1. De Fransen zullen je niet vertellen dat "je een beetje ver gaat" … ze zullen je vertellen dat je "oma niet in brandnetel moet duwen" (Faut pas pousser mémé dans les orties).
2. De Fransen zijn niet "gek" … ze "spelen jojo met de koffiepot" (Yoyoter de la cafetière).
3. De Fransen 'liegen niet' … ze 'laten iemand slangen slikken' (Faire avaler des couleuvres à quelqu'un).
4. De Fransen zijn niet "dood" … ze "eten paardenbloemen van de wortel" (Manger les pissenlits par la racine).
5. Een Fransman is niet "naïef" … ze laten "hun wol opeten terwijl het nog op hun rug ligt" (Se faire manger la laine sur le dos).
6. De Fransen zullen niet zeggen dat iemand “vrijheden neemt”… ze zullen zeggen “we hebben niet samen voor de varkens gezorgd” (op een pas gardé les cochons ensemble).

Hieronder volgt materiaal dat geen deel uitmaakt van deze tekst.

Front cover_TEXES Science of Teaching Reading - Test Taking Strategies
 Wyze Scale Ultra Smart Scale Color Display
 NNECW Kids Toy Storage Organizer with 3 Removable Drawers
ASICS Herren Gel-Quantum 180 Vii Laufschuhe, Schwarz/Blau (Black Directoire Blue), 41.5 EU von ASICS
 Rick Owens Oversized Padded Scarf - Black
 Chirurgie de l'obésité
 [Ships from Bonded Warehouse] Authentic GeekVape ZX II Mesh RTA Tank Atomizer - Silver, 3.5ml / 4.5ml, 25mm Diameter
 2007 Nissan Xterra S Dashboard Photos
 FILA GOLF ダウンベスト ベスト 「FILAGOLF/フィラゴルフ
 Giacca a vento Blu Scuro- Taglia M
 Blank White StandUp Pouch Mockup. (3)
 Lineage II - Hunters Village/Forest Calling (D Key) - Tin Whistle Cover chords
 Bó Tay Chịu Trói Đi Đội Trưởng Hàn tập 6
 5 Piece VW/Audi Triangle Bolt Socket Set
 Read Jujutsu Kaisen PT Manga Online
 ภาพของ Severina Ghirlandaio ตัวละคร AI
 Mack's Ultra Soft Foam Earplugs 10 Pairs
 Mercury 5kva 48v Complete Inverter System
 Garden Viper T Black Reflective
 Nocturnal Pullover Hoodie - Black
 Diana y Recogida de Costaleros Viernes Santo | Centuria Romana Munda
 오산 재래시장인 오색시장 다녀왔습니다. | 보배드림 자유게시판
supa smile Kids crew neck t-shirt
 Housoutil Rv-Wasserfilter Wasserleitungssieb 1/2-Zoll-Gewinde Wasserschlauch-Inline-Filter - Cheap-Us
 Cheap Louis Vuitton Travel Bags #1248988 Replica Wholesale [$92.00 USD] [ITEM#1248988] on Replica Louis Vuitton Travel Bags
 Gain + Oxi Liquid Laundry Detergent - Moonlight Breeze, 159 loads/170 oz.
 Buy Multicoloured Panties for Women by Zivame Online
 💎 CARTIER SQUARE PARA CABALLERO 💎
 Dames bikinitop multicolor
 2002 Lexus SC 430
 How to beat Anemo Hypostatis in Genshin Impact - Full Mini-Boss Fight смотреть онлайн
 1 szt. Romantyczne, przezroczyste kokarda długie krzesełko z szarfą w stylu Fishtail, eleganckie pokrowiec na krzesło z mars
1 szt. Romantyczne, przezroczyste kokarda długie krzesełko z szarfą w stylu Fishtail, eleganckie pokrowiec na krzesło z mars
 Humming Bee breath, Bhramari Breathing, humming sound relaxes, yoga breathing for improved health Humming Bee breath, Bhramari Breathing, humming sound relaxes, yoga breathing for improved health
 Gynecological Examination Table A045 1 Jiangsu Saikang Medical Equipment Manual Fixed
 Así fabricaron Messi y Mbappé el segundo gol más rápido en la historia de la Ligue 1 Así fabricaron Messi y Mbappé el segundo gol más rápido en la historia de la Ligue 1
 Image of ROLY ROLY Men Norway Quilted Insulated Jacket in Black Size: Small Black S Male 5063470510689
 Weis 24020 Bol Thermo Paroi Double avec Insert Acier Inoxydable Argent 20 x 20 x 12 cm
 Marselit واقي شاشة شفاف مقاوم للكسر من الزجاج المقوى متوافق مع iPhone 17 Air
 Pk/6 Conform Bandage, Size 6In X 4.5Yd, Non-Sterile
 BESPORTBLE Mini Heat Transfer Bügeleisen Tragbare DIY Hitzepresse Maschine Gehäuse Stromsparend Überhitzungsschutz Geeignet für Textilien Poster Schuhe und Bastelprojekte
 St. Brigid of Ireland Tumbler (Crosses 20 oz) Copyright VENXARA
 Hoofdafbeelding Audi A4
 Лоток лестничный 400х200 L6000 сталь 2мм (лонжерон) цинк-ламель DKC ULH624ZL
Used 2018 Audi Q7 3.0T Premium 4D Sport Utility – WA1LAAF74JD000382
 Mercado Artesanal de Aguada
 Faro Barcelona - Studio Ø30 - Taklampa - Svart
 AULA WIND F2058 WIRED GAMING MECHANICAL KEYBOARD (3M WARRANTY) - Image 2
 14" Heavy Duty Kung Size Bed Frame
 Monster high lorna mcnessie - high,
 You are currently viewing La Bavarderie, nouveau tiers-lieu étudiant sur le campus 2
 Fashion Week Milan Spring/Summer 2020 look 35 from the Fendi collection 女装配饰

7. De Fransen zijn niet "dapper" … hun "ogen zijn niet koud" (Ne pas avoir froid aux yeux).
8. De Fransen zullen je niet vertellen dat je werk "waardeloos" is … ze zullen beleefd zeggen dat het "geitenpoep" is (C'est de la crotte de bique).
9. De Fransen "praten niet achter je rug" … ze "breken suiker" erop (Casser du sucre sur le dos de quelqu'un).
10. De Fransen voegen niet "hun twee cent toe" … ze "brengen hun aardbei binnen" (Ramener sa fraise).
11. Een Frans persoon zegt niet "hij / zij heeft niet lang meer te leven" … ze zeggen "het ruikt naar dennenboom" (Ca sent le sapin).
12. De Fransen "huilen niet veel" … ze "huilen als een madeleine" (Pleurer comme une madeleine).
13. De Fransen zullen iemand niet "dom" noemen … ze zullen zeggen dat ze "zo dom zijn als de maan" (Etre con comme la lune).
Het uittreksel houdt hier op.